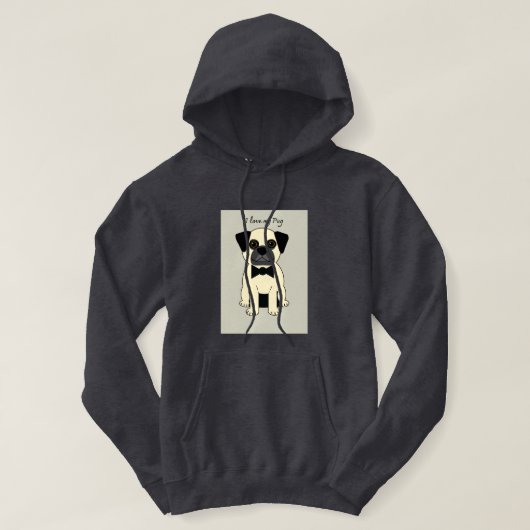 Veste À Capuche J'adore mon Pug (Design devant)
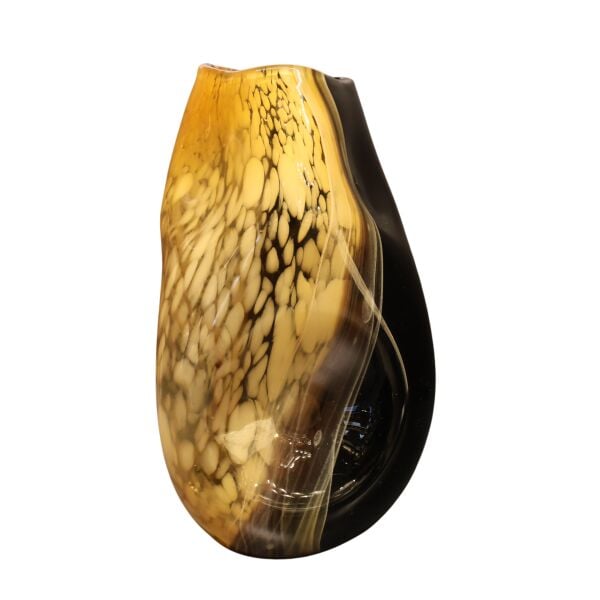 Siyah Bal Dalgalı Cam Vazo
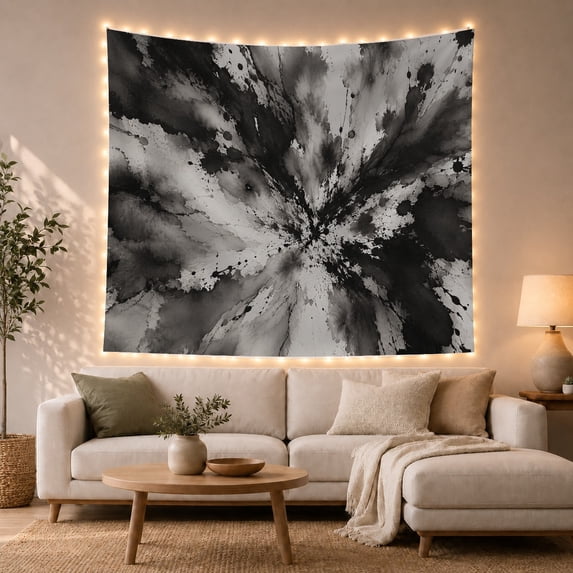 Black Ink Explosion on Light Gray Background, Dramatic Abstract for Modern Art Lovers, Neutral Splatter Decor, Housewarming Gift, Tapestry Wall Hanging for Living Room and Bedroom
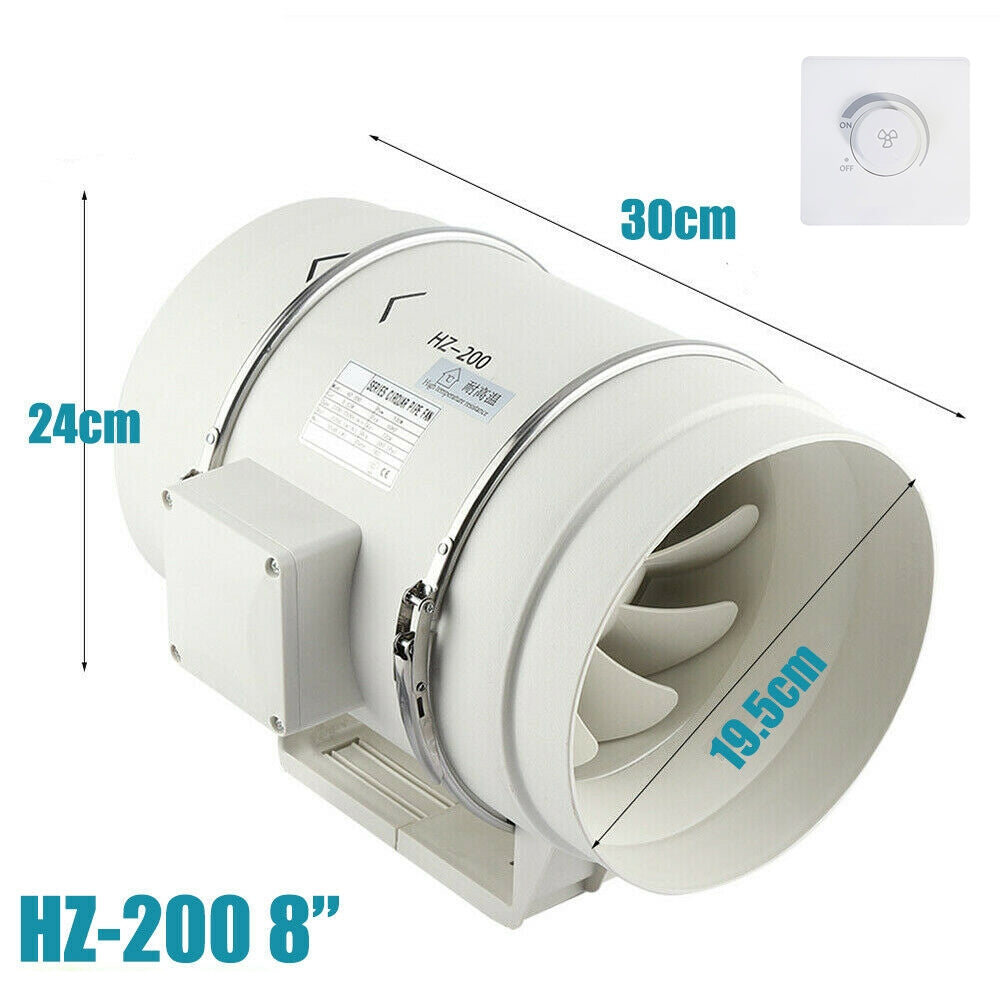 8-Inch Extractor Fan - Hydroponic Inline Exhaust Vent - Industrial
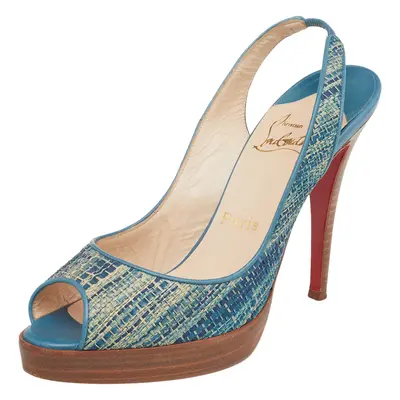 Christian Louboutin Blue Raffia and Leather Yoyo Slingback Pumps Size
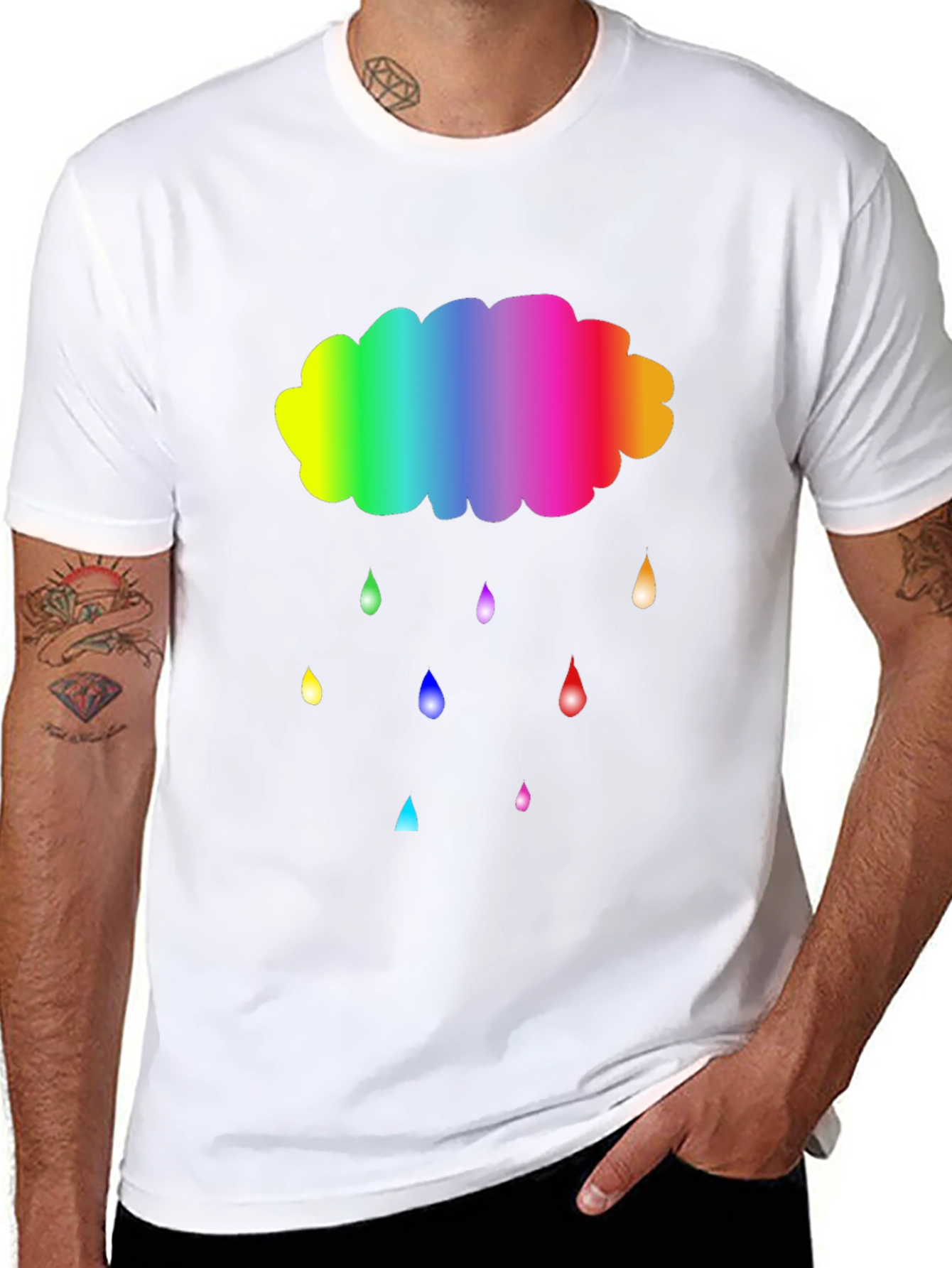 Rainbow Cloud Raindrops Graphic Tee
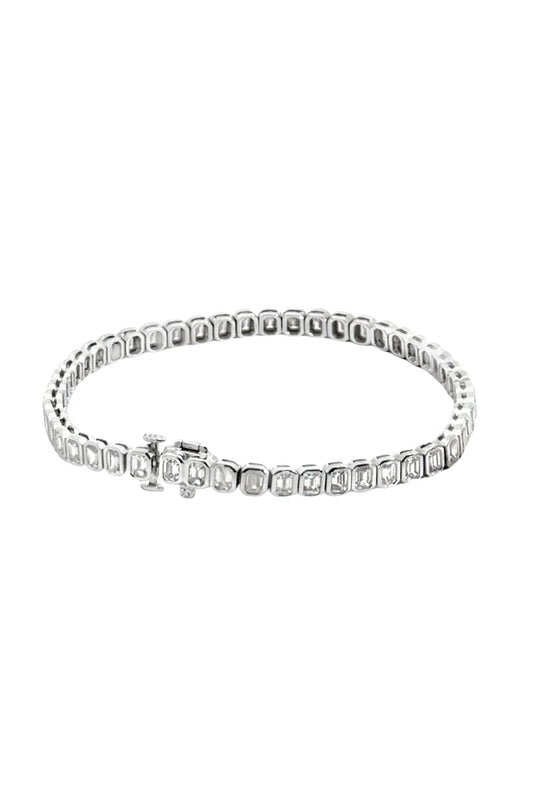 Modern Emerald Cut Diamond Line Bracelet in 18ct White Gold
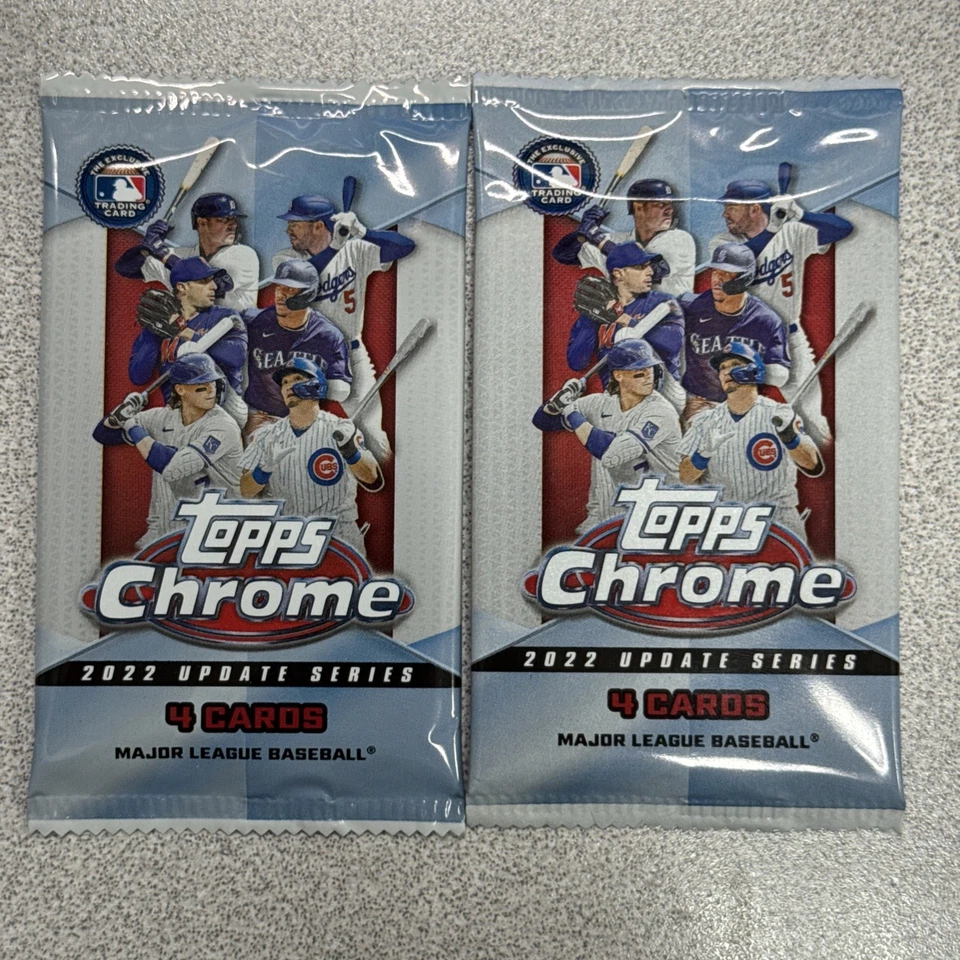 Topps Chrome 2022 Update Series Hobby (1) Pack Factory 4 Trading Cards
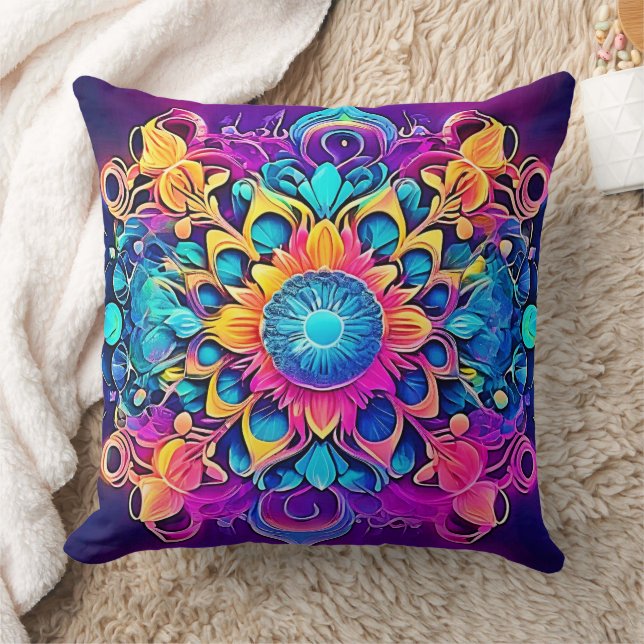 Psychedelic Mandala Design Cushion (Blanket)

• _About this exercise_:
The lines from the one containing "Modern Emerald Cut" through the last line of the entries are to be copied exactly, both ends included, and the pictures are to be omitted.

• _Solution for this task_:
 Modern Emerald Cut Diamond Line Bracelet in 18ct White Gold
 Topps Chrome 2022 Update Series Hobby (1) Pack Factory 4 Trading Cards
 Psychedelic Mandala Design Cushion (Blanket)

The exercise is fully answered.